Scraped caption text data
*** Block opens ***
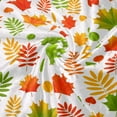 thumbnail image 4 of SKYSONIC Velvet Plush Throw Thermal Blanket - 4x5FT - Color Autumn Leaves Printed for Couch Bed Sofa Car, 4 of 5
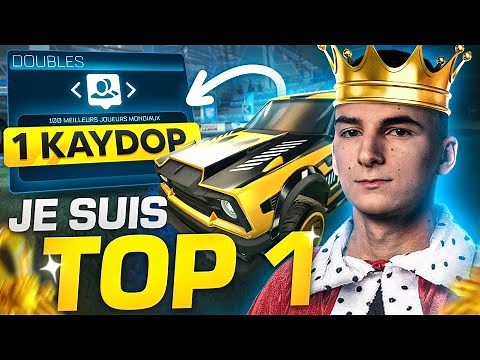 JE SUIS TOP 1 MONDE EN RANKED SUR ROCKET LEAGUE !! | Kaydop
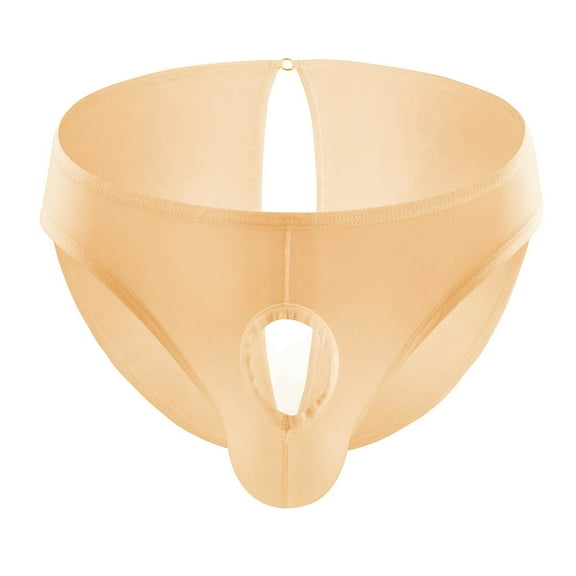 Ohufall Mens Underwear Men's Ice Silk Funny Pants Back And Forth Low Waist Briefs Pants Clearance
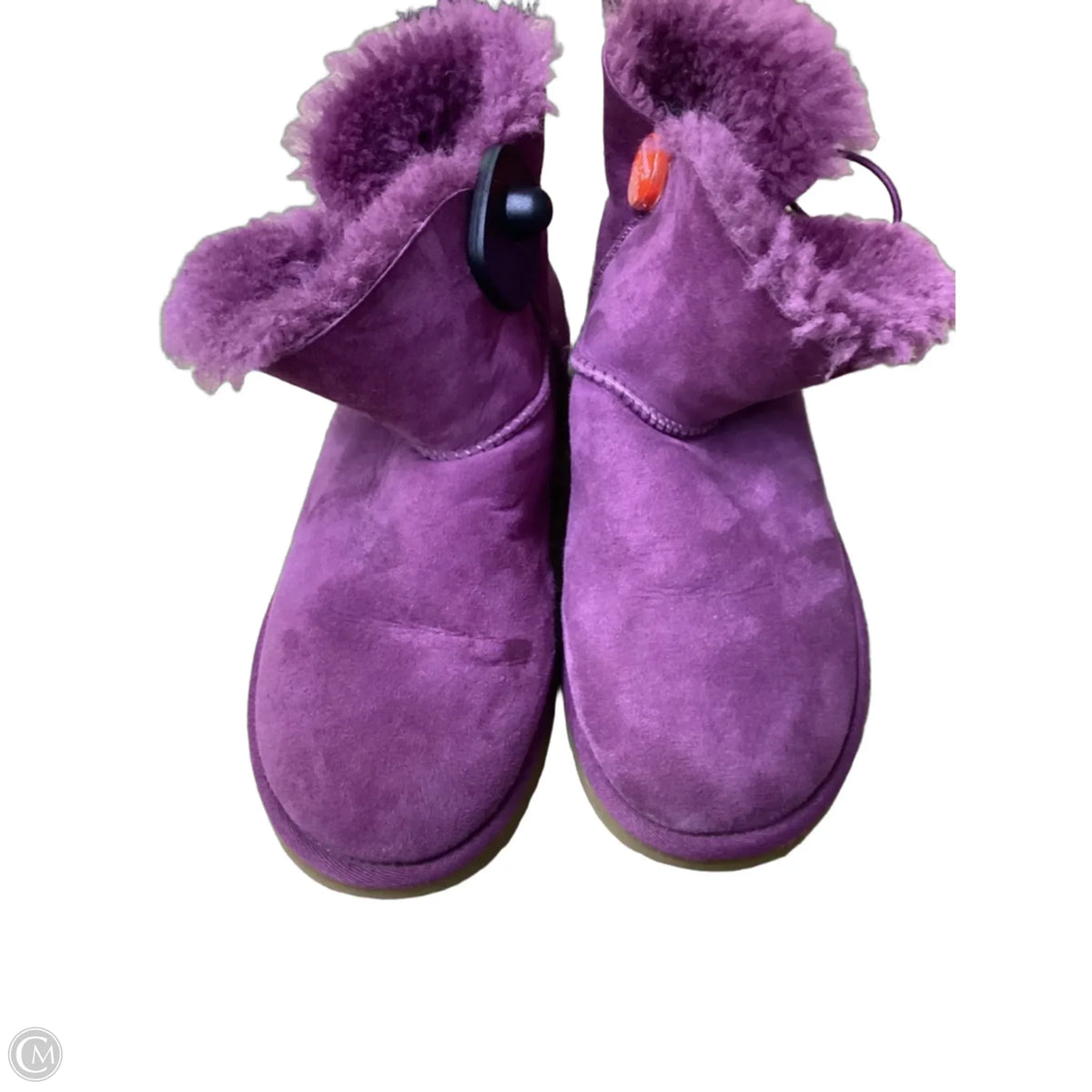 Boots Designer By Ugg In Purple, Size: 8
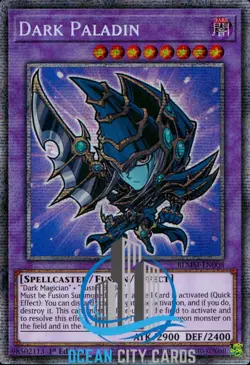 Yugioh Dark Paladin Chibi Art BLMM-EN008 1st edition Starlight Rare - Image 1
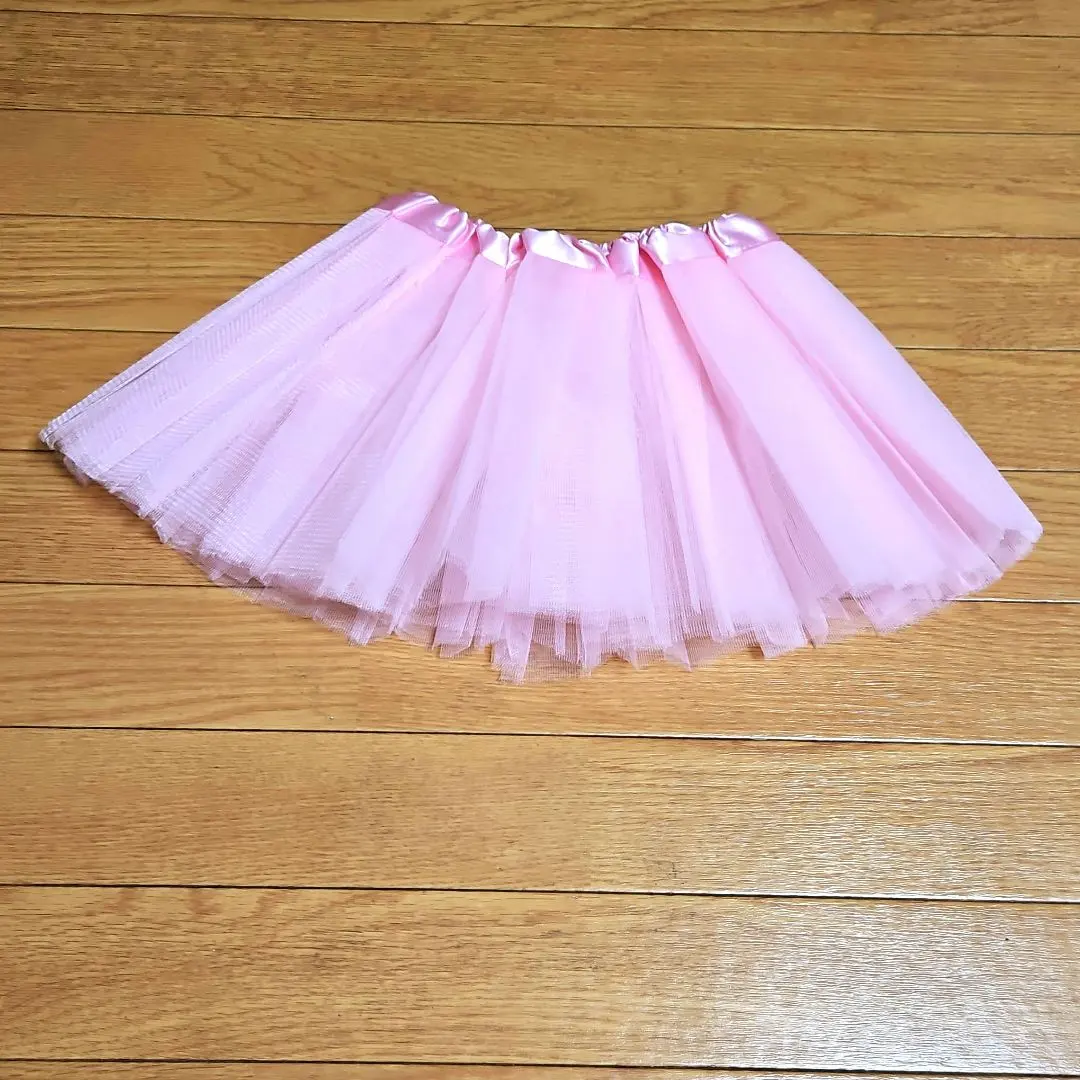 粉紅色 網紗 襯裙 兒童 的縮圖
*** Block closes ***
ABOUT THIS EXERCISE
Pictures excluded, print only the lines from the one with "Yugioh Dark Paladin" through the end of the entries above, exactly as written.

ANSWER BOX
 Yugioh Dark Paladin Chibi Art BLMM-EN008 1st edition Starlight Rare - Image 1
 粉紅色 網紗 襯裙 兒童 的縮圖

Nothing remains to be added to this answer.